- _Task prompt_
Could you report every line from the entries that includes the word "Cotton"?

Data entries
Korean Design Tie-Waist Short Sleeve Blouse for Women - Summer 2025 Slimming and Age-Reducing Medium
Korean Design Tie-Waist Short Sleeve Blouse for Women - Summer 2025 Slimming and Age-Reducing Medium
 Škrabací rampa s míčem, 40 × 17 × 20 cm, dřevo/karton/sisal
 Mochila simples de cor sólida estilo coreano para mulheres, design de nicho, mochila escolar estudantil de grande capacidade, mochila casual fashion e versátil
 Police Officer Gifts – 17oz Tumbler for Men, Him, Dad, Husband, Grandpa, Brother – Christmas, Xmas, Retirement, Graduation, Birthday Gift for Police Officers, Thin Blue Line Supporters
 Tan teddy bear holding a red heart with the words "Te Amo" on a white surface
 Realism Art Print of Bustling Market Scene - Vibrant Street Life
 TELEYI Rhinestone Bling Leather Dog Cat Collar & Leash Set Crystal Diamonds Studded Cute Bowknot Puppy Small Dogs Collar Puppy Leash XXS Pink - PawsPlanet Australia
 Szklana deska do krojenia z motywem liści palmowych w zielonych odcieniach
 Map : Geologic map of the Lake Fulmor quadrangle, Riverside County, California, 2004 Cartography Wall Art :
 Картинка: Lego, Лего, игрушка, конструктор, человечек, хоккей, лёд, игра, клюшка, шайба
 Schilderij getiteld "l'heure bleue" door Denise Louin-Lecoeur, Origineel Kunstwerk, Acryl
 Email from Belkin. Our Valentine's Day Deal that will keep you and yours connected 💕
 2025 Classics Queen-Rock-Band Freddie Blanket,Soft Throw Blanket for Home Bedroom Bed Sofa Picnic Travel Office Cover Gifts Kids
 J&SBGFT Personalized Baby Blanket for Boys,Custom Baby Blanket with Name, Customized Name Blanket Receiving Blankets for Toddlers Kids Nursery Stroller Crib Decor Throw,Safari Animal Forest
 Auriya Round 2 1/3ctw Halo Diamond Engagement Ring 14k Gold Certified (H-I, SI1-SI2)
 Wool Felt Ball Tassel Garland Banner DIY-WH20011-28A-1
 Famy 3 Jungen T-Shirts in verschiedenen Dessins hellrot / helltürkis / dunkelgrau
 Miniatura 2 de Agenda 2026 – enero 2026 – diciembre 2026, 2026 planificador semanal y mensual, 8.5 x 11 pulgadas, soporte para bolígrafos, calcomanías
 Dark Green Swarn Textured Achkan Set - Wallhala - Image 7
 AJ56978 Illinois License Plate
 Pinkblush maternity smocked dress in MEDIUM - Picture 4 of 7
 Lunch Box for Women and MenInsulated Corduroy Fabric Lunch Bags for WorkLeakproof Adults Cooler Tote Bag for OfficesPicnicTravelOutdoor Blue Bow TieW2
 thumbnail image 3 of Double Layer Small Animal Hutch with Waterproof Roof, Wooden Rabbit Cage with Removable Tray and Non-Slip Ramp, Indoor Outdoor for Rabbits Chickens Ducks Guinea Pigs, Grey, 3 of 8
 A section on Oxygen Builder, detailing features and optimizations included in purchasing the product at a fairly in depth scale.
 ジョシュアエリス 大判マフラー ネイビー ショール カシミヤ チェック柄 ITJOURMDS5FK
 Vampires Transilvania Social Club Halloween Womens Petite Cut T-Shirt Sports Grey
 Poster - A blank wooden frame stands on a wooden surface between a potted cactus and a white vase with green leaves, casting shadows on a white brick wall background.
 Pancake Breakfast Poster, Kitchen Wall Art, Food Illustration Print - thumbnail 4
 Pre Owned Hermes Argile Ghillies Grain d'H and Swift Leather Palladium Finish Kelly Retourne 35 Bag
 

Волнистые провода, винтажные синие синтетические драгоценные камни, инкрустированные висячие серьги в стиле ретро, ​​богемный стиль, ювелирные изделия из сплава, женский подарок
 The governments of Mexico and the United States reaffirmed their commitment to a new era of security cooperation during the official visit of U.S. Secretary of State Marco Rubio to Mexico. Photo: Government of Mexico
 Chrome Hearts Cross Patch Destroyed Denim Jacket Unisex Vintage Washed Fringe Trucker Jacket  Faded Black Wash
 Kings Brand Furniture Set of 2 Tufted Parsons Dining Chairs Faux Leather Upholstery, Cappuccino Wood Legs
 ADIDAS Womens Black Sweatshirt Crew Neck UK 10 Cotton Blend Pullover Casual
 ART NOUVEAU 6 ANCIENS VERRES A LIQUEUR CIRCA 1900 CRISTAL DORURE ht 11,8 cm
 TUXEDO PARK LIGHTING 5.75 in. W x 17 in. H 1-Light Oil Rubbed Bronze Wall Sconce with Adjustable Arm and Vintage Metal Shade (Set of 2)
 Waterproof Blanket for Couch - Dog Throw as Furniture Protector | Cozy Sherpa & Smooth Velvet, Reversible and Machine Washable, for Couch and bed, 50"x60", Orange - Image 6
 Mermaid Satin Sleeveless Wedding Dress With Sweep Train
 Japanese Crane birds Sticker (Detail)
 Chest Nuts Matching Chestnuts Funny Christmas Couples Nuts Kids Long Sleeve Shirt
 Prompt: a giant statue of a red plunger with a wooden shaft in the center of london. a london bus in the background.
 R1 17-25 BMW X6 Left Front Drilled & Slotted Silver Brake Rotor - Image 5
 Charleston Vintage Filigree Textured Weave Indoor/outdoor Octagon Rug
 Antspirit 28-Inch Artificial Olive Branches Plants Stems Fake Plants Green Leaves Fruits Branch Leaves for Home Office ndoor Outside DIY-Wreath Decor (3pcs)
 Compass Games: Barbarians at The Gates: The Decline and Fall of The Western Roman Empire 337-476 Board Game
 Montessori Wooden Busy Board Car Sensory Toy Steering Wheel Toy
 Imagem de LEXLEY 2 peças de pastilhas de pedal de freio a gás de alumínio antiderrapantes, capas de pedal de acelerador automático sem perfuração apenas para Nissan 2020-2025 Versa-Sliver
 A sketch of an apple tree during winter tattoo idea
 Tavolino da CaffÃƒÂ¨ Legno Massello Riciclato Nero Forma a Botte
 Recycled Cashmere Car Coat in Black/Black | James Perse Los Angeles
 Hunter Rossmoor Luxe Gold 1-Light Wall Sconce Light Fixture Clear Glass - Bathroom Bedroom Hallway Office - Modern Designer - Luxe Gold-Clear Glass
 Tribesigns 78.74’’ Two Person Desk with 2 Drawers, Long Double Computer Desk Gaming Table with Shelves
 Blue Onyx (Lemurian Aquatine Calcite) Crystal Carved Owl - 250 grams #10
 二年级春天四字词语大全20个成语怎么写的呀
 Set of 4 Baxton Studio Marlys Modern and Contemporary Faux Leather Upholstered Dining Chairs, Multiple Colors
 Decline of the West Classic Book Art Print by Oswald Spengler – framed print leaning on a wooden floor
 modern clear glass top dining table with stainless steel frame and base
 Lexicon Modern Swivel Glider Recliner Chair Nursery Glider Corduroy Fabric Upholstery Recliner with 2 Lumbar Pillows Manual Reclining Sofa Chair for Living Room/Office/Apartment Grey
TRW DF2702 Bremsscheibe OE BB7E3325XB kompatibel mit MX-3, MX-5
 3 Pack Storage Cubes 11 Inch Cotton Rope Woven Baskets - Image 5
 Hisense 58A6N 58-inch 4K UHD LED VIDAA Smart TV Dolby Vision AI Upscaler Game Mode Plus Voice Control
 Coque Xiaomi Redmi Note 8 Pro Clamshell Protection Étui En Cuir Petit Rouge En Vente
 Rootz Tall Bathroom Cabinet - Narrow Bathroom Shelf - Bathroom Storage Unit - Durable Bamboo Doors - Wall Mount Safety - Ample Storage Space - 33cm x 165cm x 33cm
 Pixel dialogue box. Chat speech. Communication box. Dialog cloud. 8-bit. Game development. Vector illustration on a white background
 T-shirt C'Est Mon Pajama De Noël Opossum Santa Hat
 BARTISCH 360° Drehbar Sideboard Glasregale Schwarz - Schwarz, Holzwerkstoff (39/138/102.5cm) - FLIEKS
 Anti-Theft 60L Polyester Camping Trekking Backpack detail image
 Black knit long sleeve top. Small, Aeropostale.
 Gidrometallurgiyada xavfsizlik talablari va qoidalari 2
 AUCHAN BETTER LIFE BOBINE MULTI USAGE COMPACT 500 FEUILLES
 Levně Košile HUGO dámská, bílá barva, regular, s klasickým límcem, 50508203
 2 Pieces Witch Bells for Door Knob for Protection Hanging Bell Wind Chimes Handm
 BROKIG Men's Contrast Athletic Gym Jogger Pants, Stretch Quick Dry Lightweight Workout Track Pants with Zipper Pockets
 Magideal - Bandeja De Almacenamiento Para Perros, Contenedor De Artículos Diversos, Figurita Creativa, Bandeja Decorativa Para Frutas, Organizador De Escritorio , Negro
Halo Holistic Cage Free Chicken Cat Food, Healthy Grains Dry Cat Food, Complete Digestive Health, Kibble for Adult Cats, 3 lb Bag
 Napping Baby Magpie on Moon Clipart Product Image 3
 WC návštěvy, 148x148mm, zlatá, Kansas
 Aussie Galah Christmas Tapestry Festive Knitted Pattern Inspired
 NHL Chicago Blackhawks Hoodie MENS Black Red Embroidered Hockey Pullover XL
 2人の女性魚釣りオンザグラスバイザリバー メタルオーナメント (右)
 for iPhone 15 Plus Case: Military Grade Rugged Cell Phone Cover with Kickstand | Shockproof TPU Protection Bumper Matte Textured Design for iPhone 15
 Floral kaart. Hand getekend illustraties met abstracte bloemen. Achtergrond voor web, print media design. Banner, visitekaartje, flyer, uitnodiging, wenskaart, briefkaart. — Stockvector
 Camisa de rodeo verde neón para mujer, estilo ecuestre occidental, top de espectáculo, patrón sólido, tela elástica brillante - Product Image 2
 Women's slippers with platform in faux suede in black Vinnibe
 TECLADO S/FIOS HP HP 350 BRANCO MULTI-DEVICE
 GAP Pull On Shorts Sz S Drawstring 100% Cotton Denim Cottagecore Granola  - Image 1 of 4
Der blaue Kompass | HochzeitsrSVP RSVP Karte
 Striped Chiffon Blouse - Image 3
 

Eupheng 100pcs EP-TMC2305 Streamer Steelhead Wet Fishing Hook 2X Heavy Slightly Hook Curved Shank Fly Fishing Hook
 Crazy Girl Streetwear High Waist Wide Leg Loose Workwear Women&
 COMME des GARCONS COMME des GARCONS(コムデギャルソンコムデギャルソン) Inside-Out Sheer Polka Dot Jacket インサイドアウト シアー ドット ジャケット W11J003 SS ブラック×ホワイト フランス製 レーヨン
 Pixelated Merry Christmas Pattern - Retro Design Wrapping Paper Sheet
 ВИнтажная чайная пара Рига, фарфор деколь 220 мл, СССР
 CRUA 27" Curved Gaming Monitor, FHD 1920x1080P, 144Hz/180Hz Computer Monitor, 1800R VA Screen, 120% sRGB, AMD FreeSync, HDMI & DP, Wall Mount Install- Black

- _Completed exercise_
 ADIDAS Womens Black Sweatshirt Crew Neck UK 10 Cotton Blend Pullover Casual
 3 Pack Storage Cubes 11 Inch Cotton Rope Woven Baskets - Image 5
 GAP Pull On Shorts Sz S Drawstring 100% Cotton Denim Cottagecore Granola  - Image 1 of 4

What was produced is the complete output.